DATA EXTRACT:
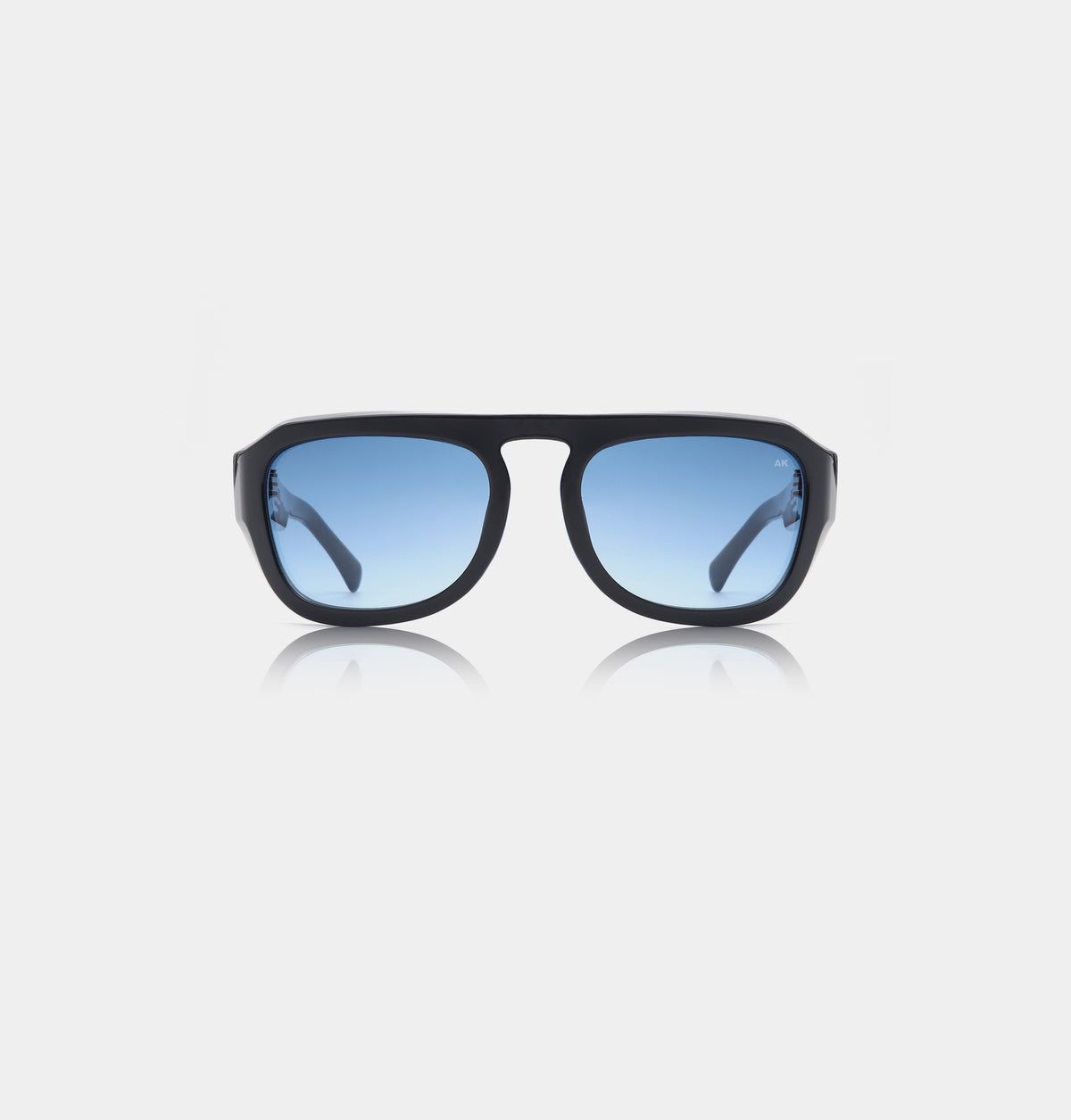 Max, Black n Blue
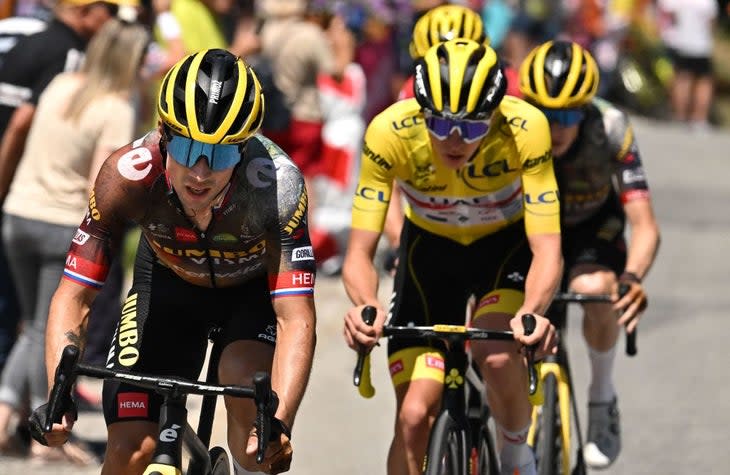 <span class="article__caption">The action started early in Wednesday’s decisive stage at the Tour de France.</span> (Photo: MARCO BERTORELLO/AFP via Getty Images)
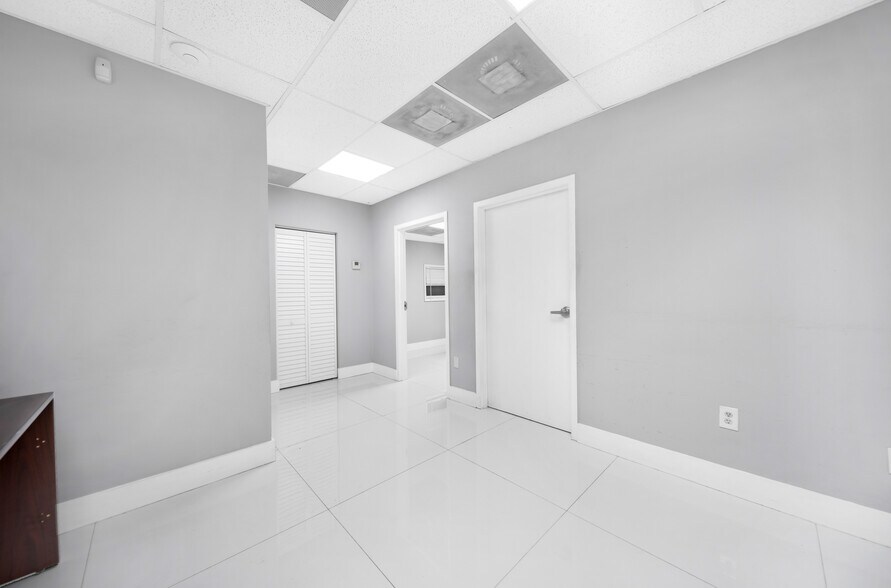 More Photos Of 7901-8195 NW 67th St, Miami Warehouse For Lease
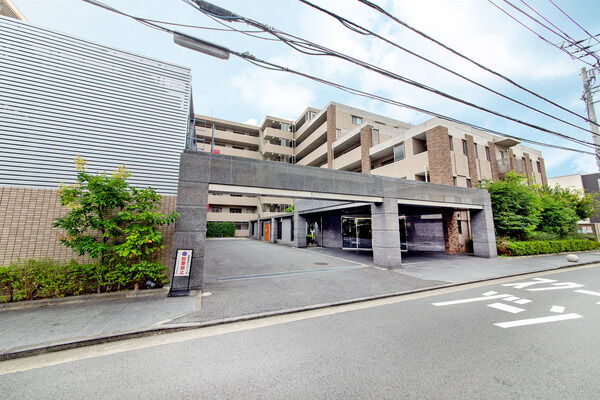 【D’クラディア大倉山】東急東横線「大倉山」駅から平坦徒歩11分。「横浜」駅まで乗車時間10分です。 【D’クラディア大倉山】東急東横線「大倉山」駅から平坦徒歩11分。「横浜」駅まで乗車時間10分です。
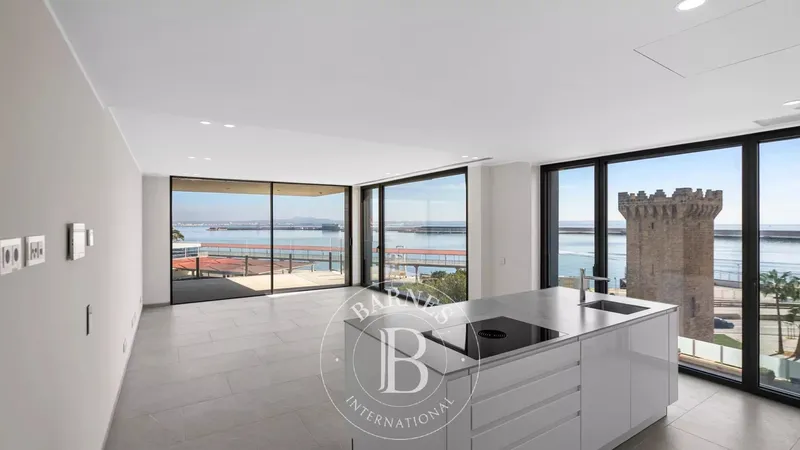 Modern Living with Marina Views on Palma’s Paseo Marítimo — photo 1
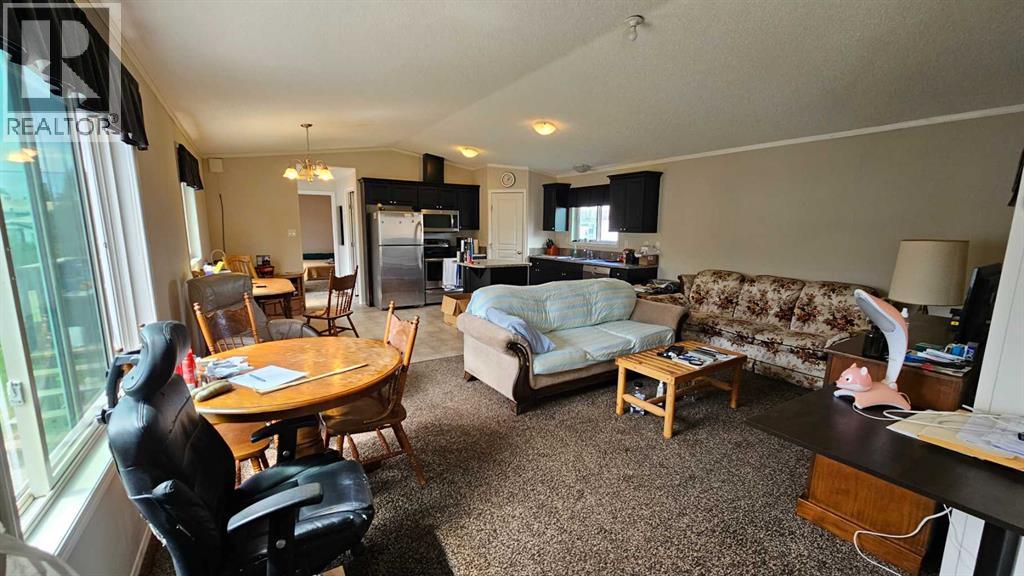 5016 49 Street Property Photo 13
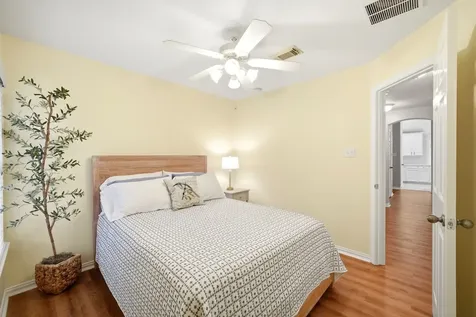 1276 Ocean Manor Lane League City TX 77573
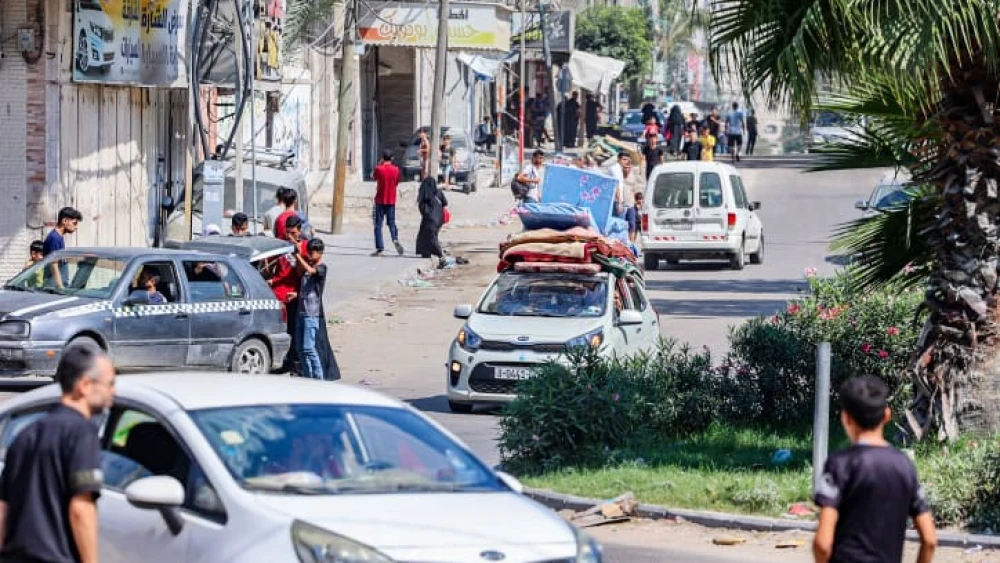 Palestinians in Gaza City evacuate to the southern Gaza Strip, Oct. 13, 2023. Photo by Atia Mohammed/Flash90.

EXERCISE DIRECTIONS:
Please retype, exactly and with the pictures left out, the lines from the line containing "5016 49 Street Property Photo 13" through the last line of the records above.

PROBLEM SOLUTION:
 5016 49 Street Property Photo 13
 1276 Ocean Manor Lane League City TX 77573
 Palestinians in Gaza City evacuate to the southern Gaza Strip, Oct. 13, 2023. Photo by Atia Mohammed/Flash90.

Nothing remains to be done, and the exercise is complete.